| The task |
Each line below from the one containing "Panop ortéza zápěstí" through the one containing "TOYOTA YARIS image 10" is to be given again exactly, and no line outside that span.

| Supplied information |
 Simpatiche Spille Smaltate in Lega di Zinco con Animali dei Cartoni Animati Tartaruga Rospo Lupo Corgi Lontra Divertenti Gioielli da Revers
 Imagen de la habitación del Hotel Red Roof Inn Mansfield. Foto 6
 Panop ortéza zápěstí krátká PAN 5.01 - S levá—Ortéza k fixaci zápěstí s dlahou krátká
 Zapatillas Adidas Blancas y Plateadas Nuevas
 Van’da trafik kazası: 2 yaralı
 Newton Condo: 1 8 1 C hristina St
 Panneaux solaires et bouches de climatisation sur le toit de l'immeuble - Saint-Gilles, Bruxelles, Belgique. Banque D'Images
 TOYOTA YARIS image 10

==

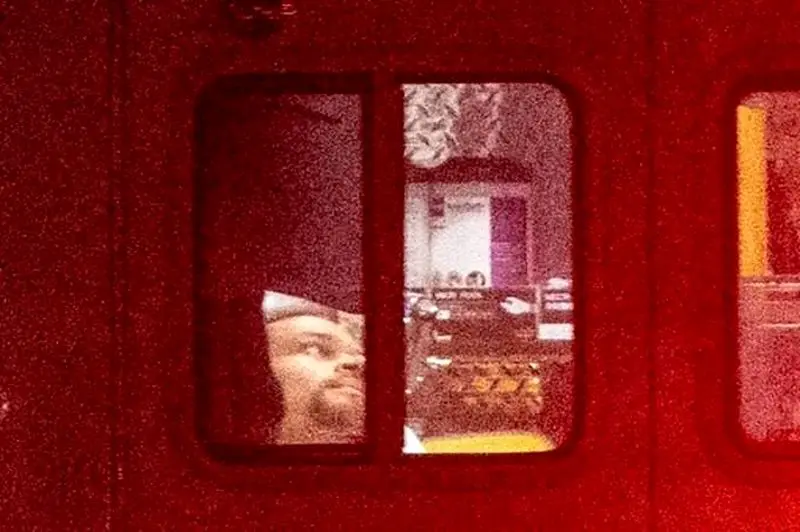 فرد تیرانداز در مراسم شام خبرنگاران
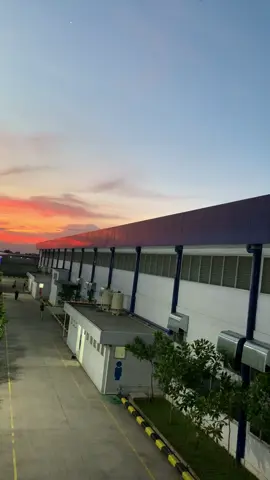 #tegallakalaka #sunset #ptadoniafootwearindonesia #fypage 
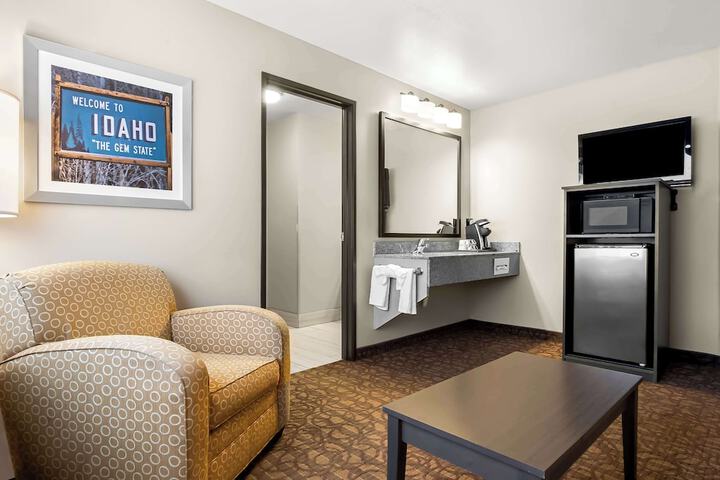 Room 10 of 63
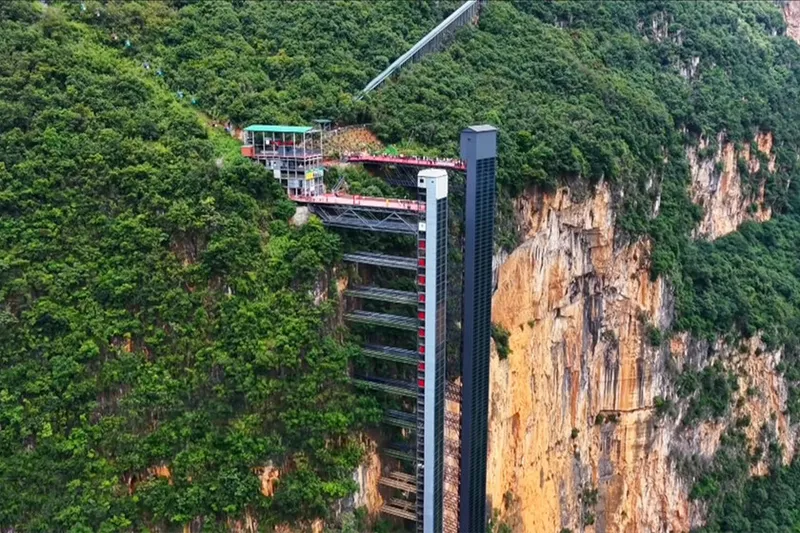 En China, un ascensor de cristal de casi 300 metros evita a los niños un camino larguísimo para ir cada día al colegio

| Answer to this exercise |
 Panop ortéza zápěstí krátká PAN 5.01 - S levá—Ortéza k fixaci zápěstí s dlahou krátká
 Zapatillas Adidas Blancas y Plateadas Nuevas
 Van’da trafik kazası: 2 yaralı
 Newton Condo: 1 8 1 C hristina St
 Panneaux solaires et bouches de climatisation sur le toit de l'immeuble - Saint-Gilles, Bruxelles, Belgique. Banque D'Images
 TOYOTA YARIS image 10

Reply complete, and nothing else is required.